The 911 calls from Elks Lodge 106 in north Minneapolis came after a man overturned tables, threw punches and pulled out a knife.

Minneapolis cops also heard that someone had fired shots.

So they stormed the Plymouth Avenue club near midnight on April 21 with guns drawn, ordering dozens of people out and others to get down on the floor. But in the process of finding the perpetrator and checking for weapons, some say that white officers acted improperly in a crowd of middle-age, black attendees.

Seven witnesses shared their concern with the Star Tribune in separate interviews. Four of them said they heard officers use racist epithets, and six said they experienced or saw officers use excessive force.

Witness and civil rights activist Ron Edwards said he mailed a complaint Thursday to the internal affairs unit of the police department.

Sgt. Steve McCarty, a police spokesman, neither confirmed nor denied the allegations and said police would investigate any complaints filed about the incident.

"If there are [reports of] shots fired inside of a crowded Elks hall, the police are going to come with their guns out," he said. "Until they find out if there's a gun or not, they're going to put people on the ground and search people."

Still, he said, there are "very few circumstances" that would justify police kicking people on the ground.

McCarty said police had evidence that shots were fired inside the club, though no weapon was recovered; witnesses interviewed by the Star Tribune said no gun was fired.

No one accusing the police of rough treatment suffered serious injuries.

Witnesses at that night's 1970s-themed birthday party said that a man began disrupting the celebration, knocking over food and furniture and starting a fistfight. Community activist K.G. Wilson said that when he tried to break it up, the man pulled a knife and slightly wounded him in the chest.

The Fourth Precinct station is a fifth of a mile down the street, and the department assigned 46 squad cars to the scene at 11:21 p.m. The officers ordered the crowd in the basement to get out. Other cops stormed into a second- floor room.

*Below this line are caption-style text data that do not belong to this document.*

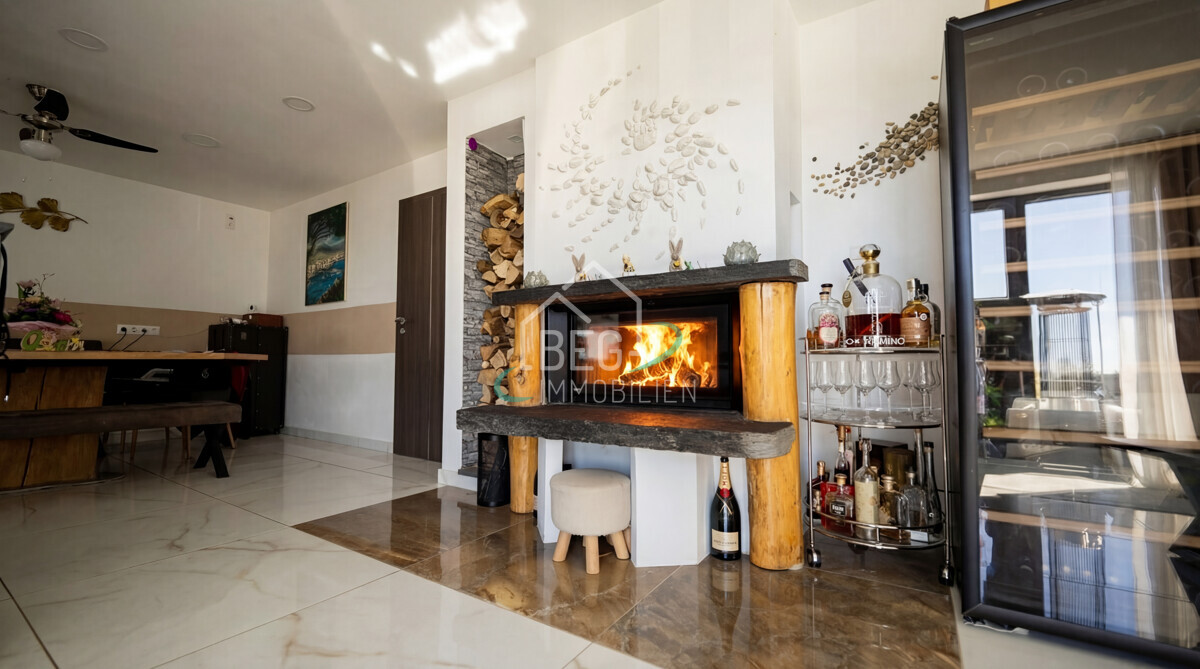 Tunnelkamin Wohn-/Esszimmer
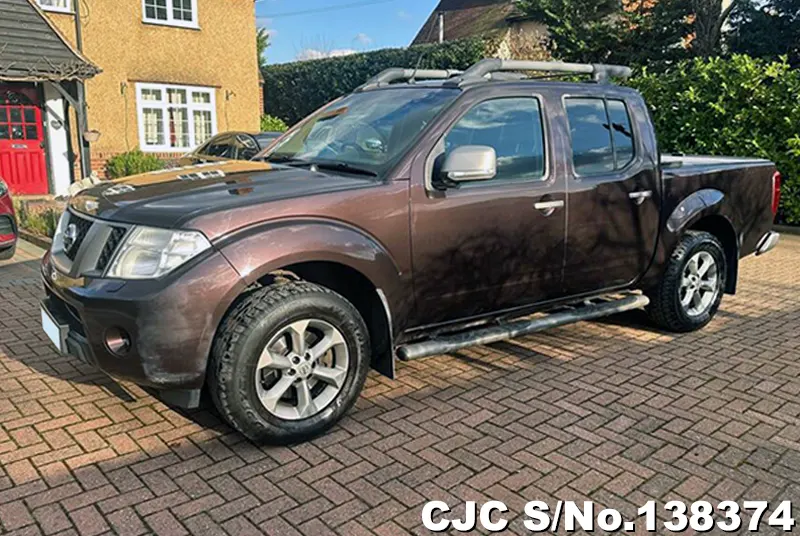 Nissan Navara in Beige for Sale Image 1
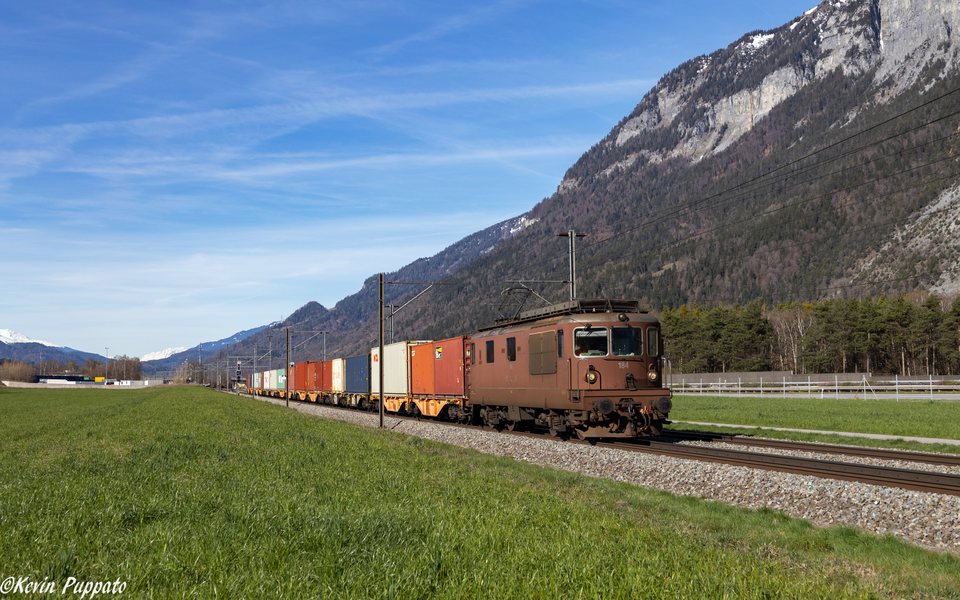 BLS Cargo: BLS Re 425 184 + UKV 68334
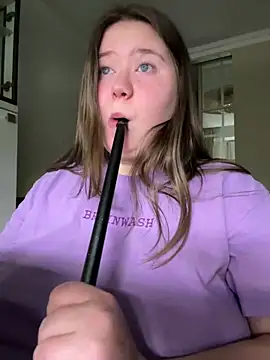 Snapshot of remirann_ chatting on January 6, 6:41 pm remirann  online show from January 6, 6:41 pm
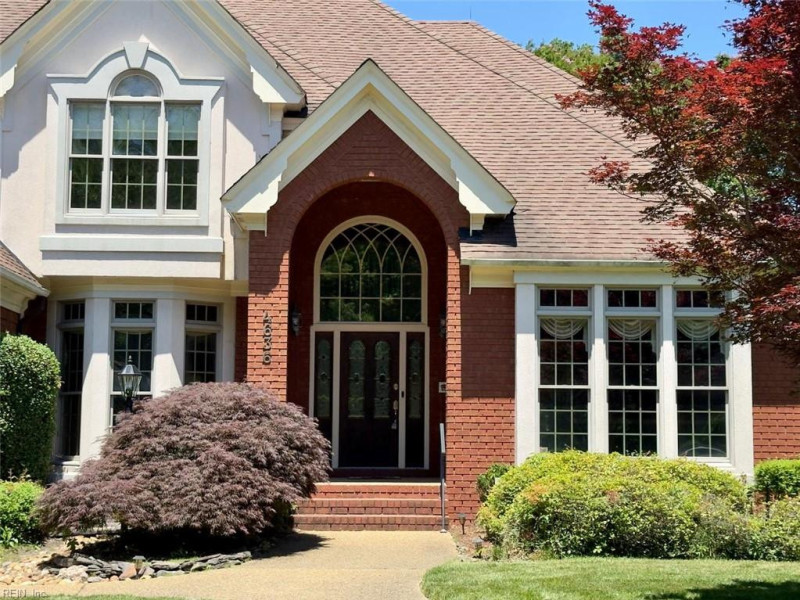 Photo 2 of 40 residential for sale in Virginia Beach virginia
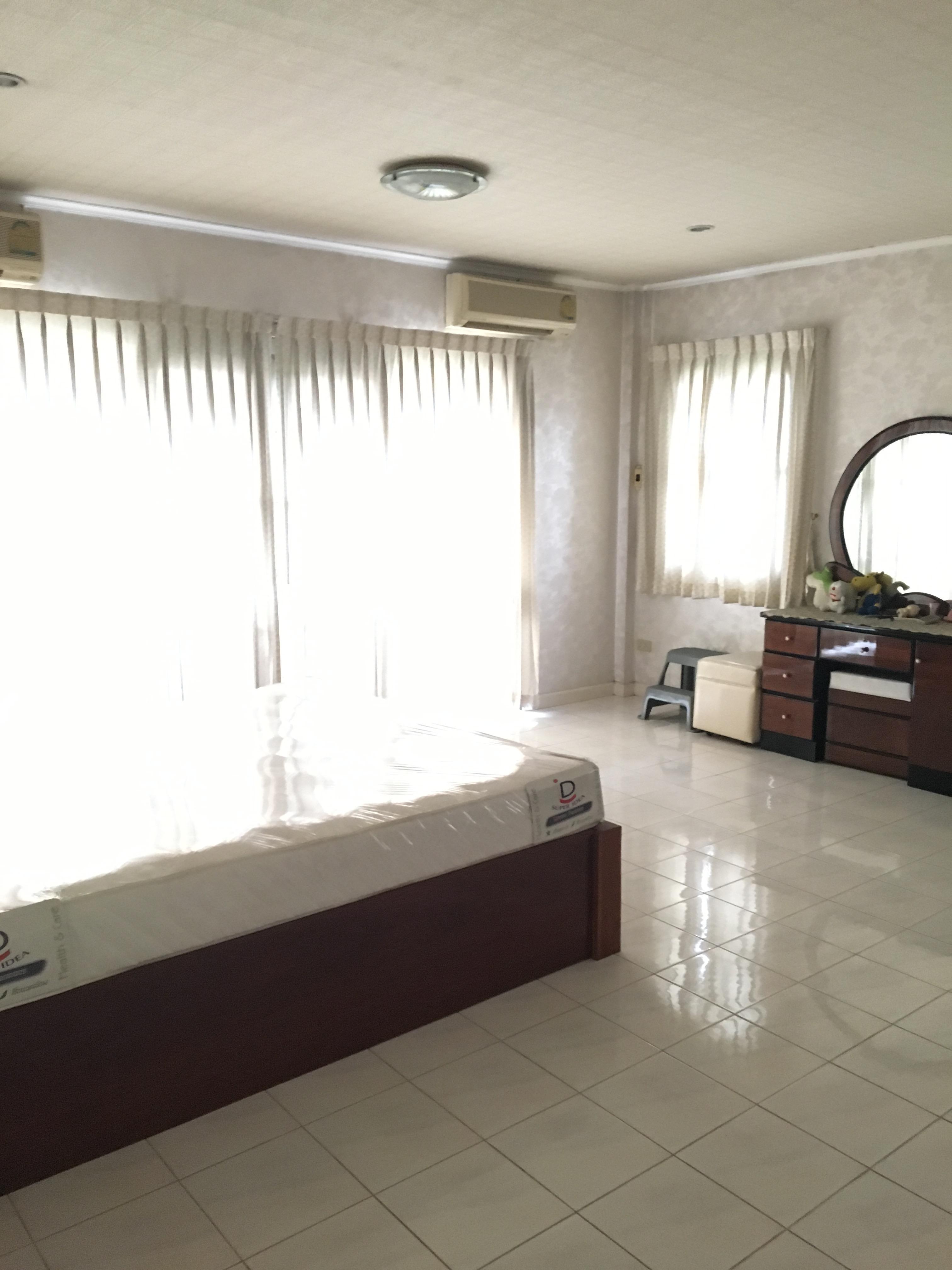 หมู่บ้าน นันทวัน-กาญจนาภิษก 79ตรว. 3นอน3น้ำ 1ห้องรับแขก 1ห้องโถง 1ห้องครัว ที่จอดรถ 2คัน โครงการติดถนนกาญจนภิเษก ระบบรักษาความปลอดภัย 24 ชม.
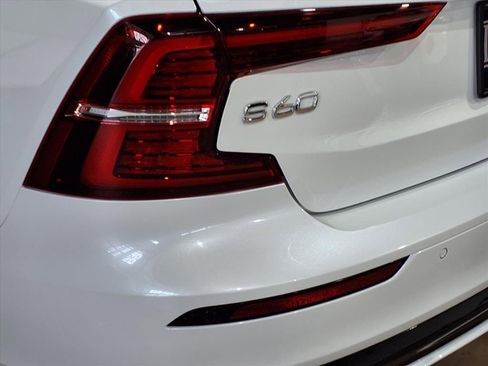 Used 2023 Volvo S60 B5 Plus w/ Climate Package image 14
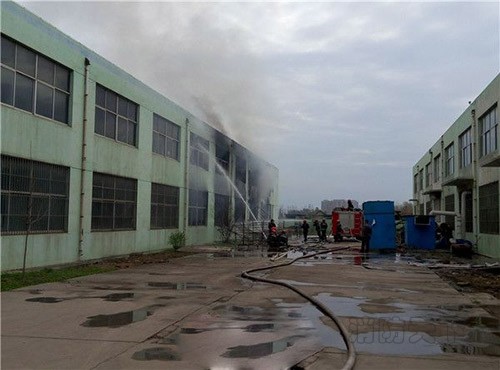 开发区石蜡厂最新火情 出动12辆消防车明火已灭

Wilson and two witnesses told the Star Tribune that they didn't observe any police misconduct. "Police did their job, and they did it well," Sonji Lynn Kennedy said.

But Mishelle Howard said as a crowd was rushing down the stairs to leave, a police officer said they were not moving fast enough. She said he told them to get out and used a vulgar racial epithet.

Witnesses said police entered the second floor with guns drawn looking for a perpetrator in a brown shirt, though the suspect was wearing a red shirt.

Dwayne Williams was wearing a brown shirt and trying to bring the stabbing suspect under control. But police pushed Williams into a table that collapsed and put a gun in his face, he said.

Witnesses Lisa and Mark Miller, Tom Powell and Edwards supported that account.

Police ordered everyone on the ground. Lisa Miller, the highest-ranking woman in the lodge, said they told someone nearby, "Lay your black ass down."

Powell, 59, said he tried to explain to police that they had grabbed the wrong guy when they ordered him down, too.

As he tried to speak while on the ground, he said, officers kicked him, stomped on his legs and back, and told him to shut up.

Witnesses said police demanded to know where the gun was. Eventually they arrested Tony Hallmon, 51 -- the only person charged -- for the assault on Wilson.

Rickey Jones, who was hired to film the party, said police officers pulled him into a room and seized his camera equipment and cellphone for evidence. One of the officers in the room said they would "lock his black ass up" if he didn't turn over the equipment, he said.

The city approved a $15,000 settlement for Jones, 53, in 2010 after he sued the police over a 2002 incident in which he alleged that they took his equipment while he was at a party and beat him.

Edwards, 73, said that a police officer on the second floor jabbed his forearm into his collarbone, kicked him and used vulgarities and racial epithets.